Supplied material -
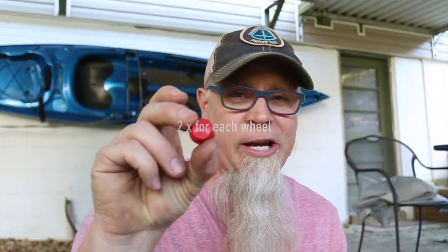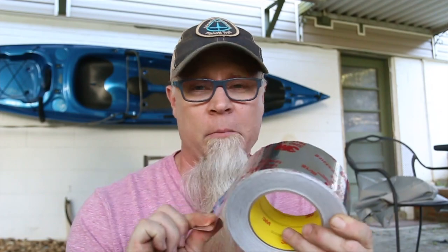First of all, I'm going to show you the parts that I have. I'm also going to leave a link in the description on where I got all the parts, so if you want to purchase some of these and don't have them at your local hardware store — which I did not — you'll be able to click on the links below and get it. So the first thing you're going to need is lawnmower wheels. You're going to need some spacers, two nylon washers, and some push caps.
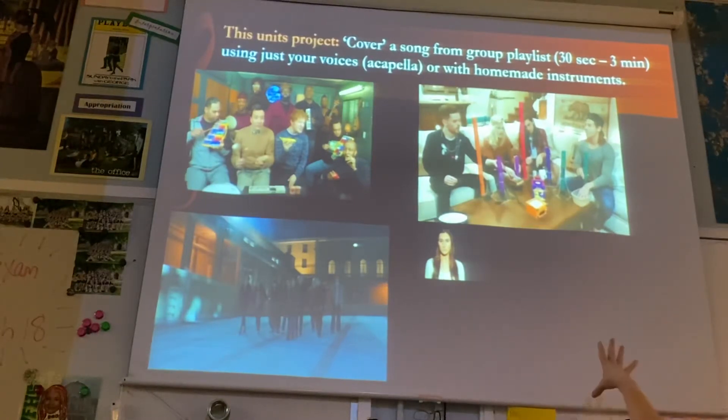Or you could choose to do it acapella style. We all know that Pitch Perfect is my favorite movie of all time, and acapella means no musical instruments whatsoever.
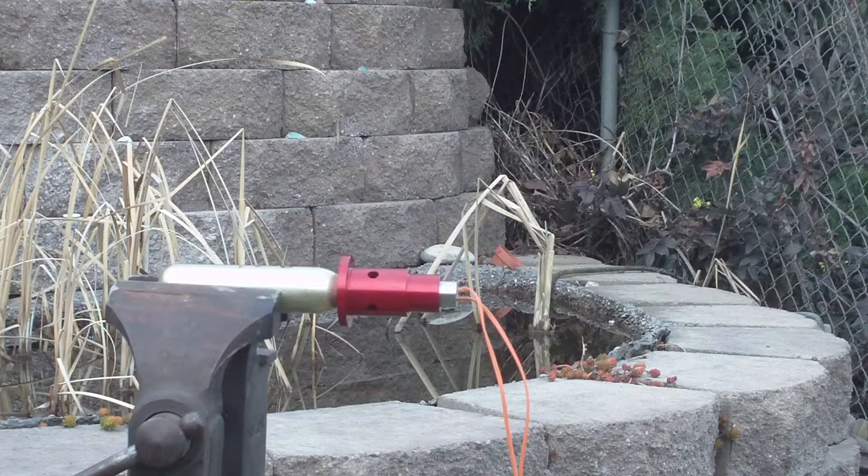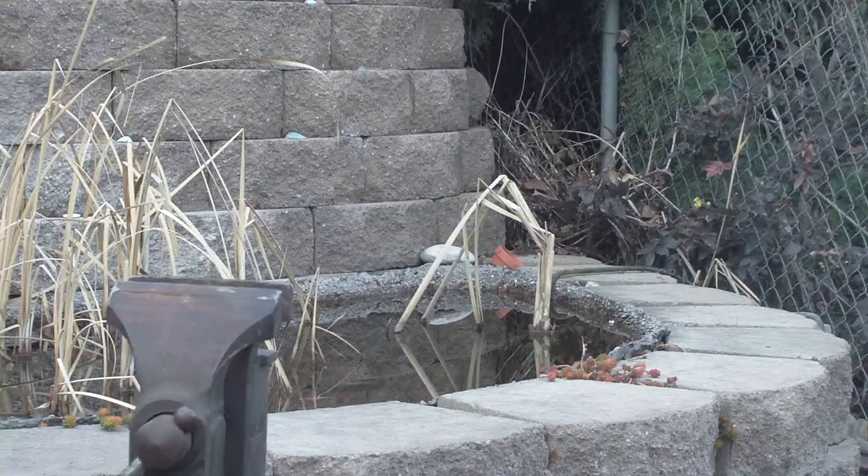We're testing the new Raptor. This is a first test using the dual charge cup. We've got a 35 gram cartridge and we're going in three, two, one. Well, that worked.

Assigned task - Please repeat the listing above word for word, with the pictures removed.

Response -
First of all, I'm going to show you the parts that I have. I'm also going to leave a link in the description on where I got all the parts, so if you want to purchase some of these and don't have them at your local hardware store — which I did not — you'll be able to click on the links below and get it. So the first thing you're going to need is lawnmower wheels. You're going to need some spacers, two nylon washers, and some push caps.
Or you could choose to do it acapella style. We all know that Pitch Perfect is my favorite movie of all time, and acapella means no musical instruments whatsoever.
We're testing the new Raptor. This is a first test using the dual charge cup. We've got a 35 gram cartridge and we're going in three, two, one. Well, that worked.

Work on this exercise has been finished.